SAGE Open (Dec 2024)
An Efficient Text-Mining Framework of Automatic Essay Grading Using Discourse Macrostructural and Statistical Lexical Features
Abstract
E-learning systems are transforming the educational sector and making education more affordable and accessible. Recently, many e-learning systems have been equipped with advanced technologies that facilitate the roles of educators and increase the efficiency of teaching and learning. One such technology is Automatic Essay Grading (AEG) or Automatic Text Scoring (ATS) systems. To enable educators to remain more focused on teaching, there is a dire need to develop a more efficient use of their time.

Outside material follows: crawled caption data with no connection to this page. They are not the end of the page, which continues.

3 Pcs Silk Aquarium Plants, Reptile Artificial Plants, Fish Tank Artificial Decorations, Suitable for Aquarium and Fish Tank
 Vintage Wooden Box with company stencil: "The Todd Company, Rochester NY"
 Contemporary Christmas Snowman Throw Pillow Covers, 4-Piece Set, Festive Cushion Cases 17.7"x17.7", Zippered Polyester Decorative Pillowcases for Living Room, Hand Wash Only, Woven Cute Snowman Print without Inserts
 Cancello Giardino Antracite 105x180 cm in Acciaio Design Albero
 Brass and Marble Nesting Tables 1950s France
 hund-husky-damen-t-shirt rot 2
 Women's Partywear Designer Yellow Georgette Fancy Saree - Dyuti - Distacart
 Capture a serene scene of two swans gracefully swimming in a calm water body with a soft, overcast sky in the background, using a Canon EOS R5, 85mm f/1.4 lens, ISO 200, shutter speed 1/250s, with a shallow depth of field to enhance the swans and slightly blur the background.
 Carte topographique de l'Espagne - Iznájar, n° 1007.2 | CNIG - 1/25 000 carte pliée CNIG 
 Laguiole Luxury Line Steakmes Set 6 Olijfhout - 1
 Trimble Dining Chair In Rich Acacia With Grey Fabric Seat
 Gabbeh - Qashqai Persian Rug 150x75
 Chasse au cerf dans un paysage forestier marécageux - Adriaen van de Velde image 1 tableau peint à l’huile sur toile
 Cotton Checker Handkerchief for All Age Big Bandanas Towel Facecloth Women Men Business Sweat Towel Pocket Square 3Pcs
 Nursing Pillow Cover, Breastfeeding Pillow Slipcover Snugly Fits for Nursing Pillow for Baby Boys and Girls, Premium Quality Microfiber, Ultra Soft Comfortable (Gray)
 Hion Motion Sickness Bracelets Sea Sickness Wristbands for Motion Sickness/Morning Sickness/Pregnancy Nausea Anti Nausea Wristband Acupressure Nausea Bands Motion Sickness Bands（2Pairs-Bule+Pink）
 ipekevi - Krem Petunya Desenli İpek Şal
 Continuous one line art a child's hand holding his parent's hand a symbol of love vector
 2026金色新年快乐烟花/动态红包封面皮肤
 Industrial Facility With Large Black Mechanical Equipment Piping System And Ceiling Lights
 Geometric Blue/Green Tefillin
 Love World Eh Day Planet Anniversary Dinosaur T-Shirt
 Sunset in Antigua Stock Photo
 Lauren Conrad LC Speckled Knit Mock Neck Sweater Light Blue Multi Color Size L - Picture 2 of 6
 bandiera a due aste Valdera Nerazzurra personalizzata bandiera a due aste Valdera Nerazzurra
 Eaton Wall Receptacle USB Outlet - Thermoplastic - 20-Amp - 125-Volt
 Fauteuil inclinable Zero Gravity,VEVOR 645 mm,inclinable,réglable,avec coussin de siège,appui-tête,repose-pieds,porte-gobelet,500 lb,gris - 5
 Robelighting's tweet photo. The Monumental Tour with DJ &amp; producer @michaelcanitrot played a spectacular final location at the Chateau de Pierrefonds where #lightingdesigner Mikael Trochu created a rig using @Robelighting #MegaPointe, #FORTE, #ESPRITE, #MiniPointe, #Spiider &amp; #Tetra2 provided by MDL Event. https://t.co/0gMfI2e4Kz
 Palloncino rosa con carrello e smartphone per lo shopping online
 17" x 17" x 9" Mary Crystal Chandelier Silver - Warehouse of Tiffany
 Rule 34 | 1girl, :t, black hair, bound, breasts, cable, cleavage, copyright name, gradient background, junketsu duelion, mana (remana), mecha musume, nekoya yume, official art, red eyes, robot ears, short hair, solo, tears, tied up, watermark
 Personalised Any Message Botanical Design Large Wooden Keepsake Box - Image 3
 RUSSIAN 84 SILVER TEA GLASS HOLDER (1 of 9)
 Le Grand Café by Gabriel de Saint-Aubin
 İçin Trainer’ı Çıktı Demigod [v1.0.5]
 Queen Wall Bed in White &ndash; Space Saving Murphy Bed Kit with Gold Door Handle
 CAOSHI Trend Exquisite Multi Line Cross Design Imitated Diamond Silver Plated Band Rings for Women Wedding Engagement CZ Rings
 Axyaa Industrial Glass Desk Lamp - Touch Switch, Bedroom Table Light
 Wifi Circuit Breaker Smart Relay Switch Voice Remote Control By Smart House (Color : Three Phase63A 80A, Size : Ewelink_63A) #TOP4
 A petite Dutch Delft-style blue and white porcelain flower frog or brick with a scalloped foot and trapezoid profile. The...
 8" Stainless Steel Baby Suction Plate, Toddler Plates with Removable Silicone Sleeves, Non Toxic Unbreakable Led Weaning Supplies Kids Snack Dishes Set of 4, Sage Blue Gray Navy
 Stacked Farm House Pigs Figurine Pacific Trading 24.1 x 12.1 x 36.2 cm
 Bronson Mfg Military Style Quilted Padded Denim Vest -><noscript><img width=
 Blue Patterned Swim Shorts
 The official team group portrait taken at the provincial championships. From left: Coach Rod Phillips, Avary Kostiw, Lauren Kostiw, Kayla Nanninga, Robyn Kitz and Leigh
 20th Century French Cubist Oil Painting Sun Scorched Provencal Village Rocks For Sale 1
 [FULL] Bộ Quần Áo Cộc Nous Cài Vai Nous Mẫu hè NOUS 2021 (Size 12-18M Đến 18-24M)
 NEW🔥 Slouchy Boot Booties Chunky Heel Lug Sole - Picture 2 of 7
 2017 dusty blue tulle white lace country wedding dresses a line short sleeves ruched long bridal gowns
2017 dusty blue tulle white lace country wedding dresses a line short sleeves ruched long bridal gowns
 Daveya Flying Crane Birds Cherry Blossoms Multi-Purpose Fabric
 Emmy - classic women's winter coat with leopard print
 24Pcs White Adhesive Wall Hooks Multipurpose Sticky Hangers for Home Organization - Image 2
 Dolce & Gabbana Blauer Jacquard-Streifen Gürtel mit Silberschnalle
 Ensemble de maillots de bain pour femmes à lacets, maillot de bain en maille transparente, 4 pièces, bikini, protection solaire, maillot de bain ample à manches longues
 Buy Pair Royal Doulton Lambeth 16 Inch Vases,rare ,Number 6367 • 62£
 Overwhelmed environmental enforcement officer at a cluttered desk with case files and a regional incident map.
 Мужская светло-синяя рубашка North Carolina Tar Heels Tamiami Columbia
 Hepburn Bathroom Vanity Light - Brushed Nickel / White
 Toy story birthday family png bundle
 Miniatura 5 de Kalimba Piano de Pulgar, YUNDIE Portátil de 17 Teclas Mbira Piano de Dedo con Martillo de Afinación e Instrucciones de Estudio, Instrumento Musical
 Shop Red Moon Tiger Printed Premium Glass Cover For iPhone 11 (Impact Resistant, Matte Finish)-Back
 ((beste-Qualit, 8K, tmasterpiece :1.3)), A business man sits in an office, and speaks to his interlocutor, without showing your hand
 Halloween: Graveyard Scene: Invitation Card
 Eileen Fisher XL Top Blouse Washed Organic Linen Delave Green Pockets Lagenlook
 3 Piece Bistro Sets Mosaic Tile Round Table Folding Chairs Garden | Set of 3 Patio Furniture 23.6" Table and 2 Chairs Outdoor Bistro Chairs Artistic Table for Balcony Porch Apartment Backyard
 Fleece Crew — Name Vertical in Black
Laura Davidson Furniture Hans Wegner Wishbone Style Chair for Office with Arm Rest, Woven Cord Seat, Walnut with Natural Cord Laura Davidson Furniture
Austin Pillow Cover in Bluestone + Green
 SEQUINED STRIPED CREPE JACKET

This is where automatic systems come into play, but they are still encountering an ongoing challenge due to many complex aspects, such as covering students’ creativity, novelty, context, subjectivity, coherence, cohesion, and homogeneity. The proposed study chose the Kaggle dataset of the Hewlett Foundation competition to cover this gap. It contains eight different essay sets based on student-written essays and their different range-based scores. Firstly, a score quantification method is applied to domain scores. Moreover, the proposed study covered four different aspects of student-written essays and extracted cohesion features via sentence connectivity, coherence via sentence relatedness, statistical lexical features via the Term Frequency (TF)-Inverse Document Frequency (IDF) method, and discourse macrostructural features via calculating the unique pattern of each essay. Three different experiments based upon the combination of these features are conducted, the most effective combination of features remains as statistical lexical features and discourse macrostructural features whereas the Linear Regression method is used for score prediction. The average Quadratic Weighted Kappa (QWK) score of 0.9339 was achieved and outperformed previous solutions in terms of time, computation, and performance.